Piotr Beczala

Opening of Die Zauberflöte

Die Zauberfloete Animals, Photo by Terrence McCarthy* Notes *
Peter Hall's 1992 production of Die Zauberflöte opened at San Francisco Opera last Saturday. It certainly was odd to see all of Gerald Scarfe's funny designs again, for this production was my first at
Los Angeles Opera, and I did not enjoy it particularly then, as I was even crankier in my youth. The cartoon aesthetic is at times grating, particularly the ridiculous faux East Asian meets Star Wars costumes, beards, and Playmobil hair on the chorus. The hybrid animals in Act I Scene 15 are charming, but it might have been nice if they had moved more with the music. The feather-covered costumes are excellent for Papageno and Papagena, as are the spooky contours of the Queen of the Night's gown. The Dea Ex Machina entrance of the Queen of the Night in Act I is both effective and striking, and generally the staging is good, visually the scenes change nicely and without much fuss.

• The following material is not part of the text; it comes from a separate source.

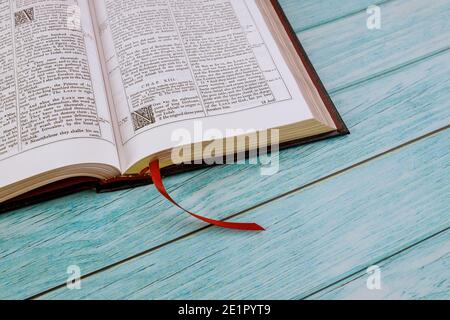 07 JANUARY 21 New York US 2021: Desk table opened the Holy Bible close up prayer time Stock Photo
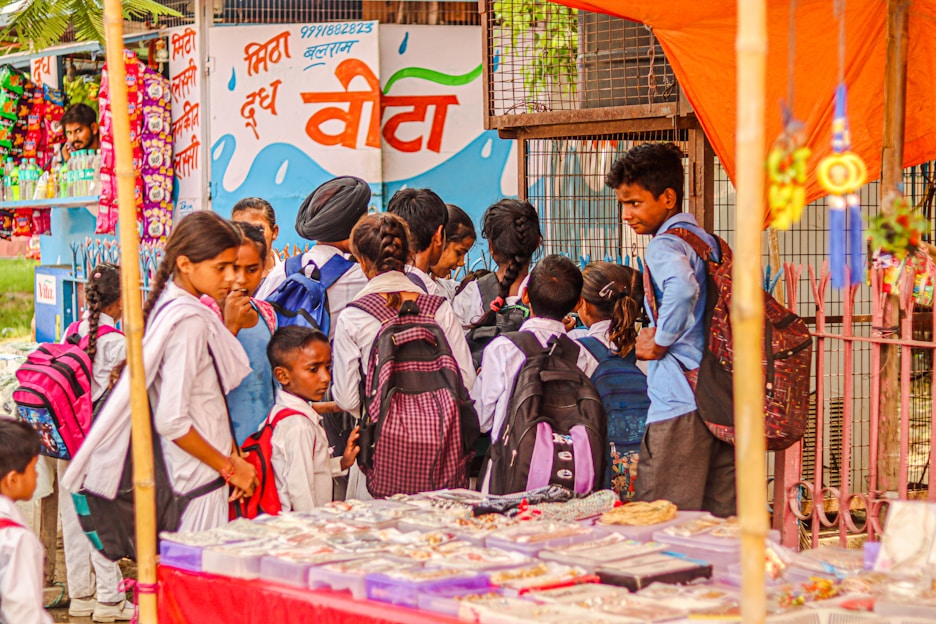A group of school children wearing uniforms with backpacks stand near a street vendor selling goods under an orange canopy. The background features a colorful mural on a wall with text and images of snacks and drinks on display.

The cast is certainly the best I have heard sing Die Zauberflöte. Piotr Beczala is nearly perfect in the role of Tamino, his volume is good and his vibrato in control. There were times when he spoke that I had a difficult time discerning the German, but his diction in his singing is clear. I was disappointed that Rebecca Evans took ill and canceled as Pamina, but Dina Kuznetsova is admirable in the role. She  has slightly more vibrato than I enjoy, and her German diction is not crisp, but otherwise she turned out a fine performance. Christopher Maltman makes a hilarious Papageno, his diction is precise and his voice warm. Erika Miklósa hit every note as the Queen of the Night, and never sounded as if she were straining terribly. She was somewhat quiet in her first aria, perhaps because she was suspended upstage from the ceiling. Bass Georg Zeppenfeld lower notes as Sarastro are quiet, but otherwise he acted and sang well. Many of the other roles were filled with Adlers, Elza van den Heever, Kendall Gladen, and Katharine Tier were adorable as the Three Ladies, sprightly and not shrill in the least. I actually liked Rhoslyn Jones as Papagena, her vibrato did not drive me crazy and her voice was not noticeably louder than Maltman's. I was disappointed by the Three Boys, they were not exactly together, but perhaps that will be worked out in time.

* Tattling *
There were quite a lot of people on the orchestra level, standing room looked full, though Row ZZ was not. There were some whispers, but it was only in Row ZZ that people actually seemed to speak aloud, despite repeated hushings.

The scene changes were, at times, audible. There seemed to be a frightful amount of crashing behind lowered screens.

The use of a green costume for Monostatos side-stepped the racial stereotype, and "grün" replaced "schwarz" in the text.

Eugene Onegin

The Netherlands Opera production of Eugene Onegin ended its run at San Francisco Opera today. Director Johannes Schaaf finally brought us something that is stripped down but works, unlike the ugly minimalism of Kát'a Kabanová, Lady Macbeth of Mtsensk, or Il Barbiere di Siviglia. The lines are clean, but one doesn't feel as if one is stuck in an IKEA furnished flat in Berlin. The birch grove in the first scene is pretty, but not ornate. Undoubtedly, the designer who worked on this, Peter Pabst, had a part in making the set so. The highlight of the staging for the audience was in Act III. An enormous chandelier was lit from below, causing a chain reaction all the way around and up. Bambi Uden did a good job with the choreography, especially in Scene 4, during Tatyana's birthday party, when the chorus linked arms and danced.

In the title role for the first seven performances, baritone Russell Braun was a bit on the quiet side, this was noticeable as it is usually the tenor with this problem. Lucas Meachem also seemed to do well as Onegin, but I was in the orchestra, and the sound is somewhat distorted there. In contrast, tenor Piotr Beczala was absolutely wonderful, his tone sweet and volume powerful. Soprano Elena Prokina was also excellent as Tatyana, very convincing. Mezzo-soprano Allyson McHardy was charming as Olga, her voice was lovely in the opening with Prokina, and her acting was fiery in Scene 4.